[Record set — start]

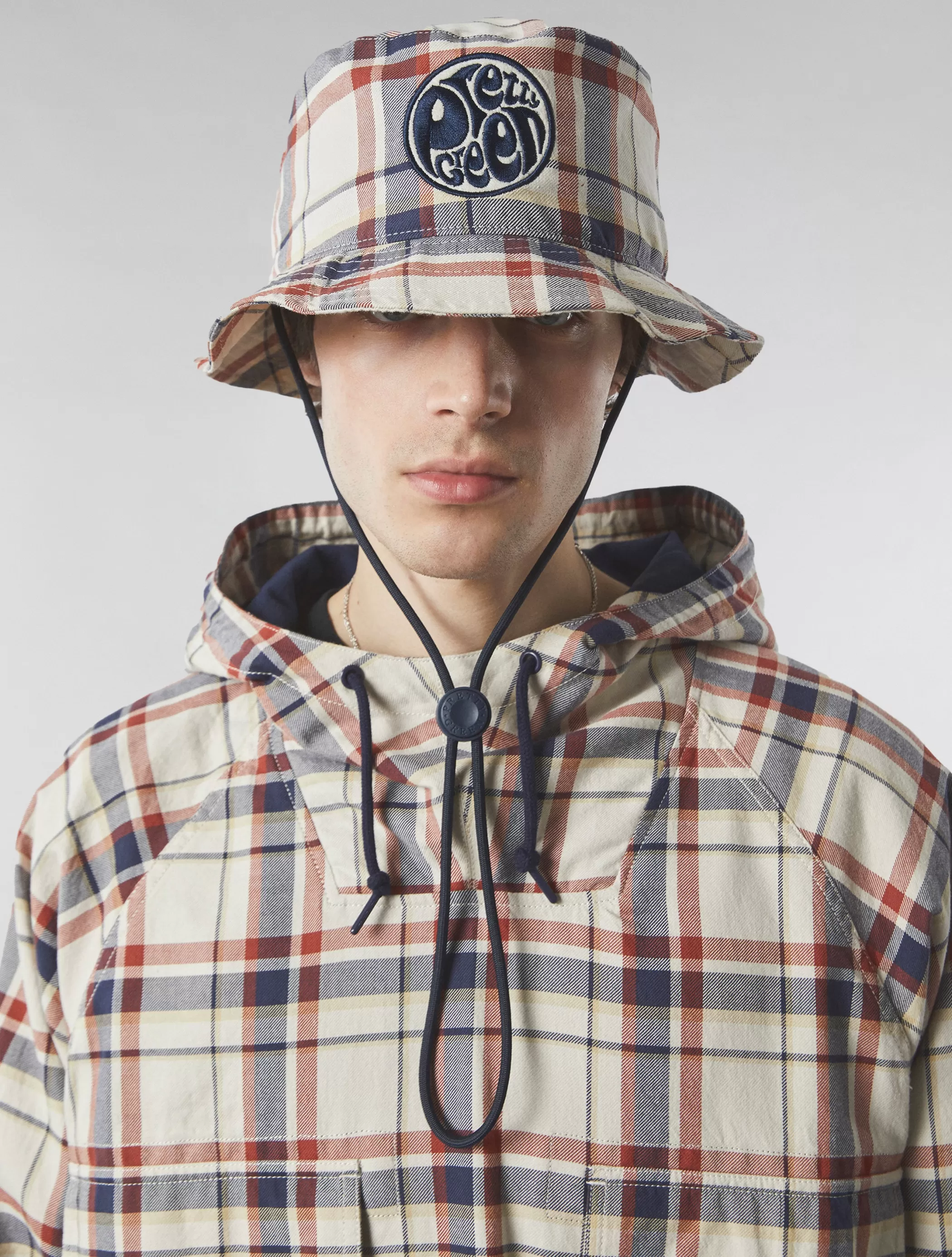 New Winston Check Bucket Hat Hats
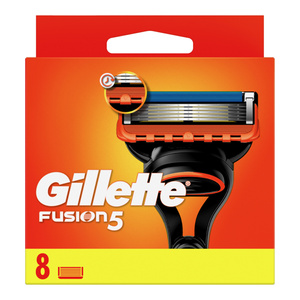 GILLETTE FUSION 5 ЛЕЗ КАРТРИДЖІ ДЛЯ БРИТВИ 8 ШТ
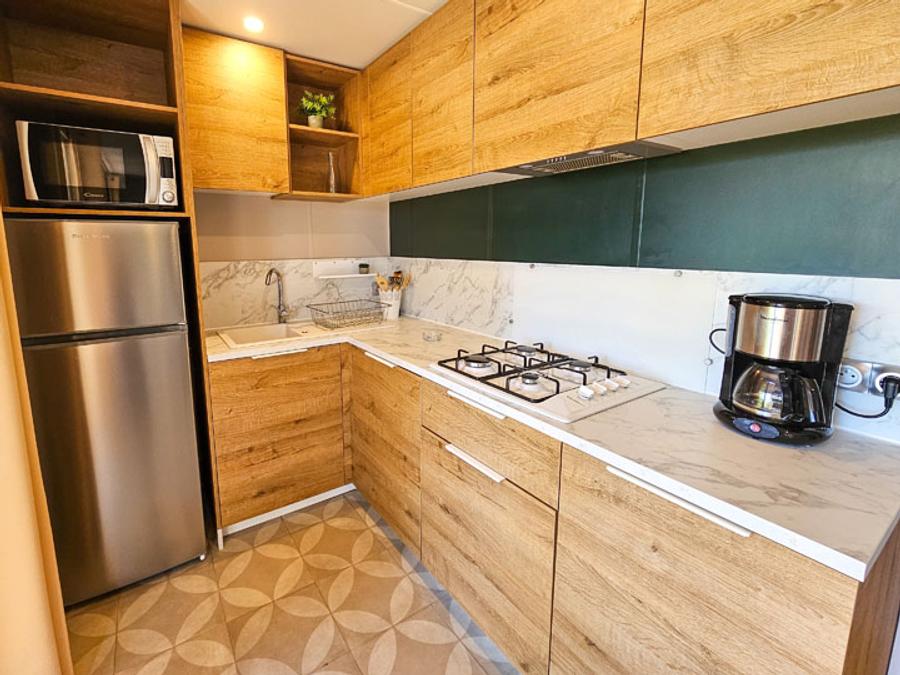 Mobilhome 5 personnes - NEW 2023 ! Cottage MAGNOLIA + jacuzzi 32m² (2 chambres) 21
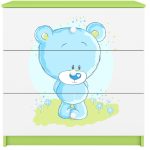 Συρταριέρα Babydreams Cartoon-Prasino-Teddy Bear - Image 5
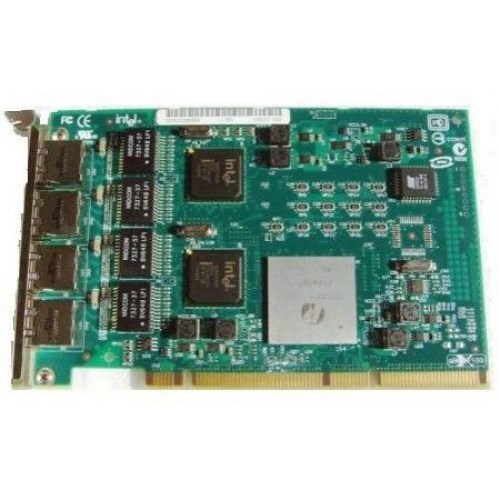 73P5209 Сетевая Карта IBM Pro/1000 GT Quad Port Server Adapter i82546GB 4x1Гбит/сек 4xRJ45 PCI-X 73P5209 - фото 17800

[Record set — finish]

**Exercise requirements**
Each line above should be written out again exactly, and no picture should appear in the copy.

**Response to the exercise**
 New Winston Check Bucket Hat Hats
 GILLETTE FUSION 5 ЛЕЗ КАРТРИДЖІ ДЛЯ БРИТВИ 8 ШТ
 Mobilhome 5 personnes - NEW 2023 ! Cottage MAGNOLIA + jacuzzi 32m² (2 chambres) 21
 Συρταριέρα Babydreams Cartoon-Prasino-Teddy Bear - Image 5
 73P5209 Сетевая Карта IBM Pro/1000 GT Quad Port Server Adapter i82546GB 4x1Гбит/сек 4xRJ45 PCI-X 73P5209 - фото 17800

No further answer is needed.